J’ai oublié les villages qui entouraient nos vacances les étés 2002 et 2003. En creusant dans les cartes et les traces d’autrefois, sans doute ma mémoire aurait-elle retrouvé les étendues et les clochers mais lorsqu’il nous dit où ses vins naissent, je ne dis rien, je ne sais plus. C’est après avoir goûté une gamme allant d’un âpre villageois à la surprise de la dernière bouteille que je demande, avec le seul nom qu’il me reste, le seul nom et la seule vision au loin des Dentelles de Montmirail. Il dit oui : il vient de ce pays oublié.

Et je parle du mien, pays, cette terre saintongeaise dont le vin n’a pas bercé mes souvenirs de bouche, car des quelques vignes du grand-père il ne reste aucun goût mais des doigts qui collent sous le raisin, les petits ciseaux, les rires, la boue, l’odeur, les voix qui résonnent dans les chais. Le vin c’est un peu de mon enfance et ce n’est rien de ce que je sais, ce ne sont aujourd’hui que des plaisirs, des moues, ou avant-hier un Languedoc aérien, quelque chose loin de la boue, plus près du ciel, la pinte encore accrochée au palais, et donc de S la moue.

Et nous marchons ainsi, chacun vers chez soi, c’est du moins ce qu’on croit, avant qu’on se retrouve là, attablés, dans un entre-nous-deux étonnamment rare, trop rare, sans E déjà vers chez lui.
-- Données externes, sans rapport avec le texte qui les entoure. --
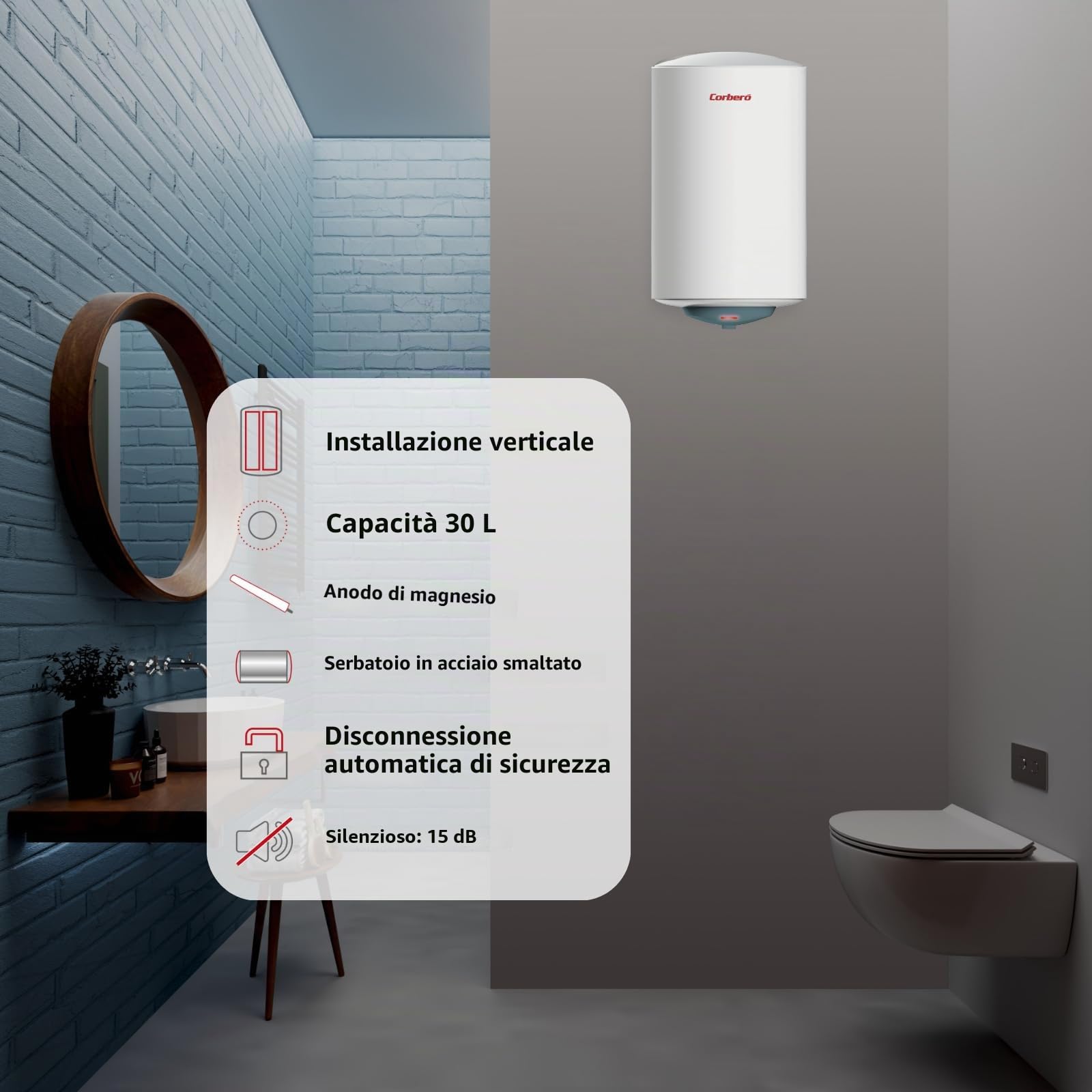 Corberó - Thermos elettrico CTMBA30 | 30 L | Installazione verticale | Resistenza schermata | Termostato regolabile | Protezione anticorrosione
L’incontournable s’impose d’abord : le travail, la réunion du matin, les idées, la quête d’un absolu qui n’existe pas, ma place, la tienne. Et puis l’on s’en détourne, le fromage coule presque voluptueusement sur le pain où l’ail tente sa chance et y parvient : voilà l’écriture, les mots, les lignes, entre les lignes et tout autour.